O, als God tot de ziel spreekt dan zijn er géén „zus of zo's", géén „maars of misschiens" meer — dan valt het vlees weg en jubelt en juicht de ziel, „overlopende vol" met Gods liefde en tederheid.

Neen, dat is geen gevolg van meditatieve zelfverheffing. Geen valse, ingebeelde Oosterse mystiek — maar zoete, haast onverwoordbare realiteit. Dan „ervaart" de ziel „bevindelijk" voor het eerst of bij vernieuwing dat God 'n Vader is, die werkelijk leeft en aan de ziel van Zijn kind leven en liefde geeft.

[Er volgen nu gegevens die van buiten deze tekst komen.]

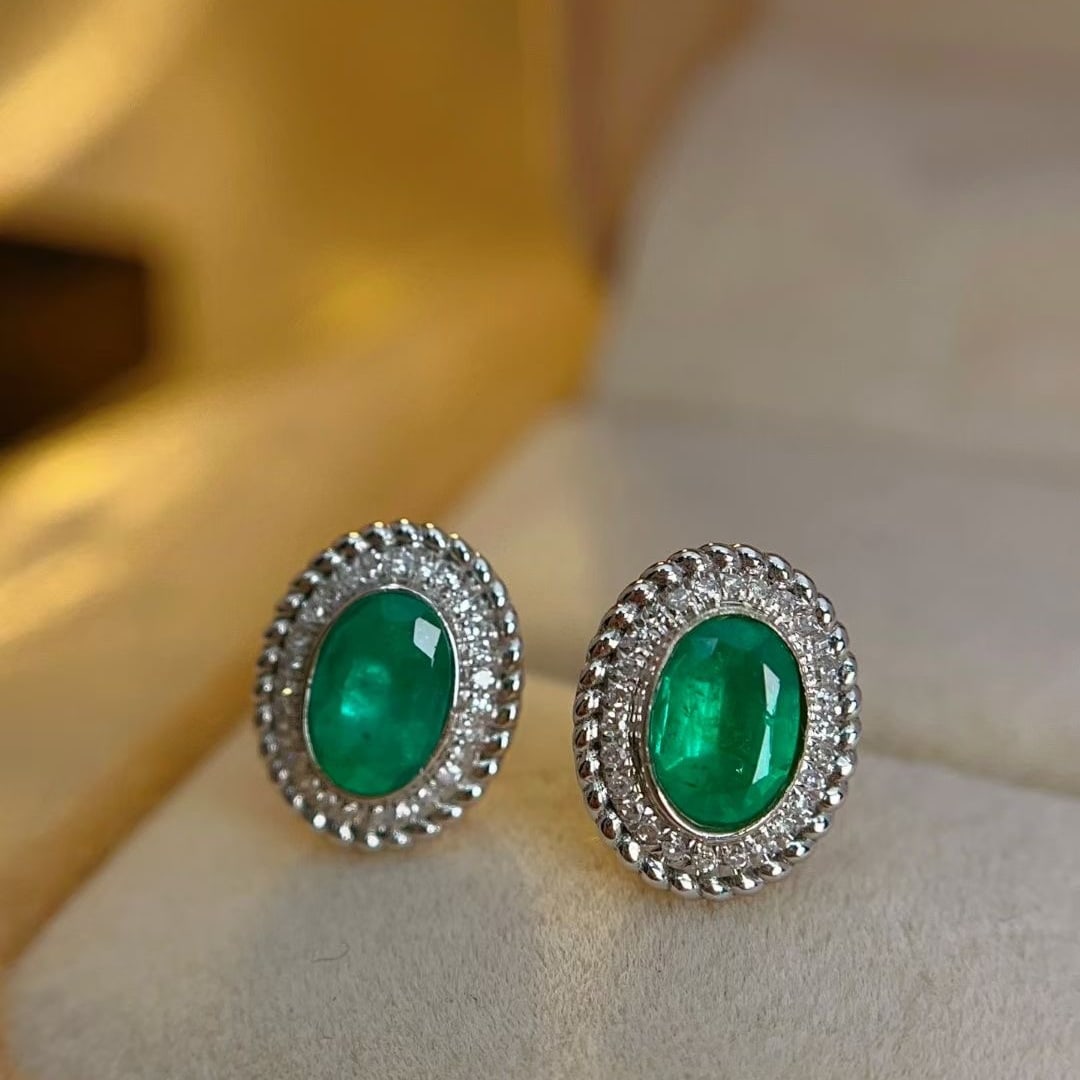 14k Gold 1 Ct Natural Emerald & Diamond Earrings: Ref:230997125 // gold content:14k gold // main gemstone:emerald // shape:oval // carat weight:1ct // color:green // treatment:natural // // adjacent gemstone 2 : diamond // number of stones:52 // shap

O, die Goddelijke, onwederstandelijke liefdes-overrompeling is zo intensief dat het lichaam zulks niet dragen kan. Dan hijgt het binnenin: „houdt op Heere, houdt op of ik bezwijk!"

Als verdrinkend in die Goddelijke liefde-zee „smaakt" de ziel een beginsel der zaligheid. Dan weet zij dat er een nimmer eindigende eeuwigheid is, die te kort zal zijn om die liefdevolle God en Zaligmaker, te loven, te danken en te aanbidden.

Dorre woestijn

Maar ach, het blijft niet duren, de volle zaligheid is het voedsel voor de hemel — hoewel, de Heere zal zijn kinderen, hier op aarde, nooit verlaten. Hij blijft ze ondersteunen, want, als na het wegebben van die innige ziels-verrukking de gelovige opnieuw in het „bloot geloof" moet staan; als hij weer opnieuw „geestelijk" die dorre woestijn in moet en weer te worstelen heeft tegen de Satan, de verleidingen van de wereld en de eigen zondige en verdorven Adam's-aard; als alle vorige gesmaakte zielservaringen „onwezenlijk" schijnen en de baren en golven van twijfel en ongeloof opnieuw alle „Gods-kennis" dreigen weg te spoelen; als de „ongelovige gelovige" denkt om te zullen komen in die bodemloze kuil der wanhoop — dan is er evenwel dat „bezittelijk gevoel" van dat onuitwisbaar merkteken van Gods liefde; dat „hemel-zegel" dat door de Heilige Geest diep in de bodem der harten van alle Gods kinderen is afgedrukt.

Veel soorten geloof

Och ja, er is nog wel geloof in de wereld. Men gelooft nog wel dat de Heere Jezus heeft geleefd. Dat Hij de mensen leerde dat ze hun naasten moesten liefhebben. Men gelooft ook wel dat Hij door de Joden werd gehaat, aan de Romeinen werd overgeleverd en dat Hij aan het kruis is gestorven.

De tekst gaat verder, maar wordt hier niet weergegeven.